(Pictures with short captions)
□ □ □

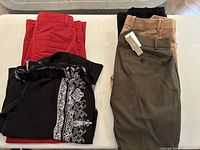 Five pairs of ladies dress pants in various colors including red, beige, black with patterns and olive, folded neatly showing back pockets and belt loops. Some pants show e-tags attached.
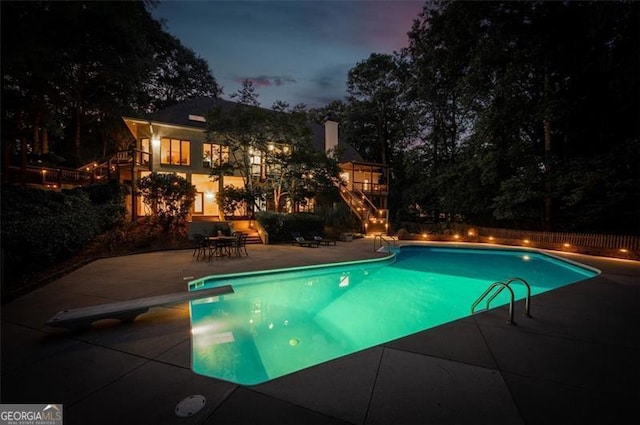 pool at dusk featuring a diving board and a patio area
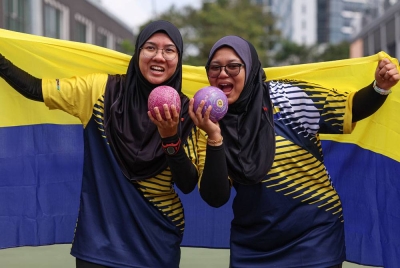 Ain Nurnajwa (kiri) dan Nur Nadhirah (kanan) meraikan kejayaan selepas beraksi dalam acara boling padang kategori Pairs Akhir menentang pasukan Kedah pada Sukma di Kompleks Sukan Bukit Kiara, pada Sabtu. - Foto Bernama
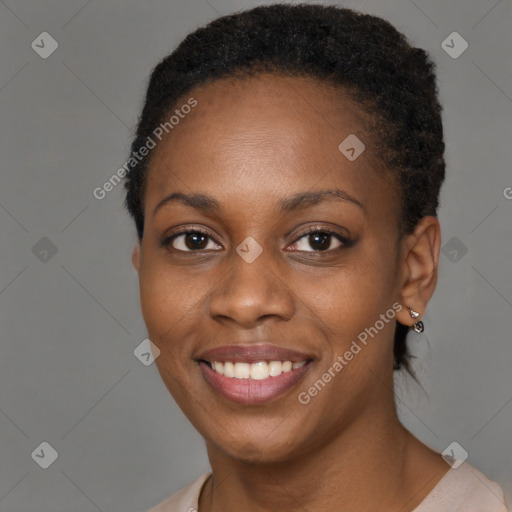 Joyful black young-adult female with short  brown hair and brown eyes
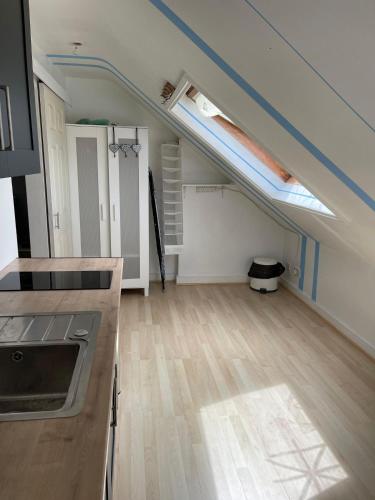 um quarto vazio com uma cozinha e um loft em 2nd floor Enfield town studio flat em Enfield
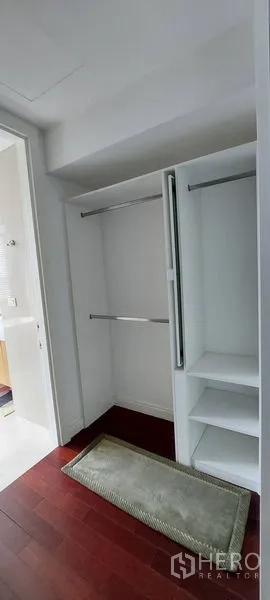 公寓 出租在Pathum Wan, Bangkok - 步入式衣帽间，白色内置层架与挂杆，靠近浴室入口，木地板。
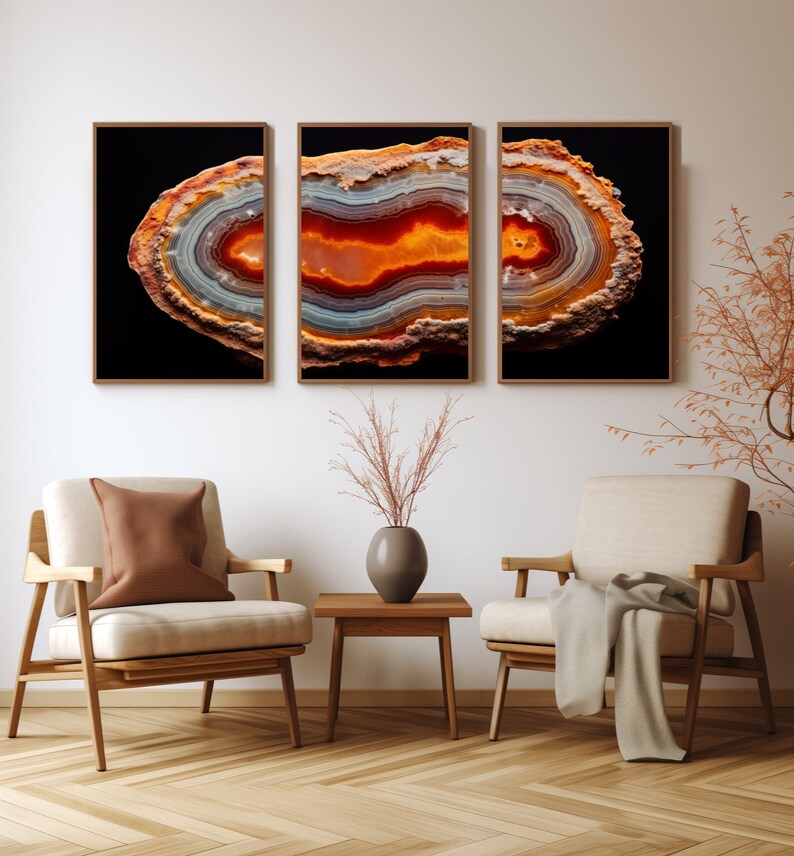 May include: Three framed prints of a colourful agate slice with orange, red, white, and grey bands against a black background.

□ □ □

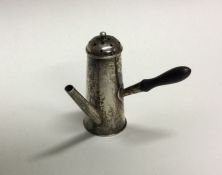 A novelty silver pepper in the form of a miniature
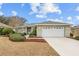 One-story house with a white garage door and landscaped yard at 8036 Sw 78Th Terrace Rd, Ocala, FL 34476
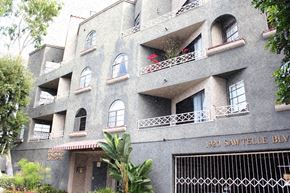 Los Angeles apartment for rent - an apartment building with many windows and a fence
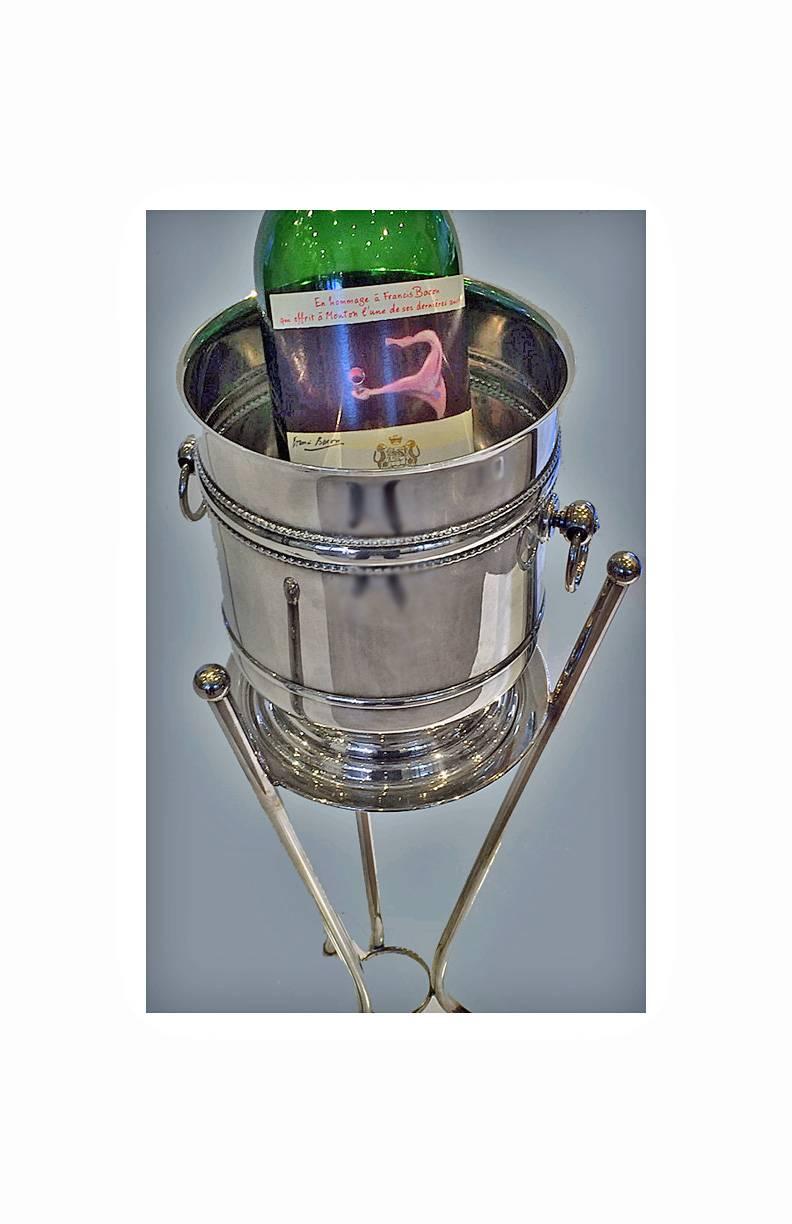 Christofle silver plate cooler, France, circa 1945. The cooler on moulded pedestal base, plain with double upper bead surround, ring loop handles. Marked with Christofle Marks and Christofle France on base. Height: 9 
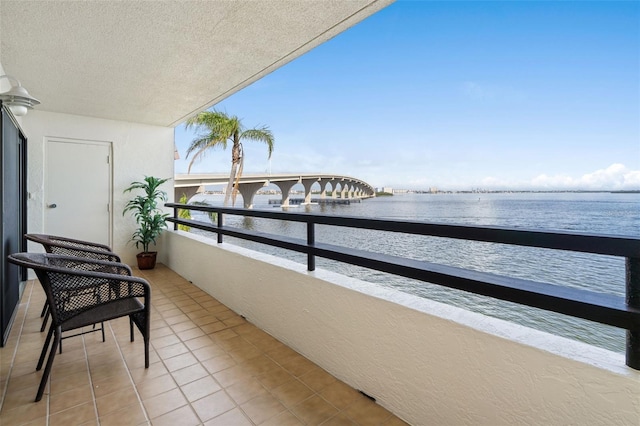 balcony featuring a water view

□ □ □

▶ [What is required]:
An exact transcription is needed of the lines from the one with "One-story house with" to the one with "Los Angeles apartment" above, both ends included, with pictures left out.

▶ [Answer to this task]:
 One-story house with a white garage door and landscaped yard at 8036 Sw 78Th Terrace Rd, Ocala, FL 34476
 Los Angeles apartment for rent - an apartment building with many windows and a fence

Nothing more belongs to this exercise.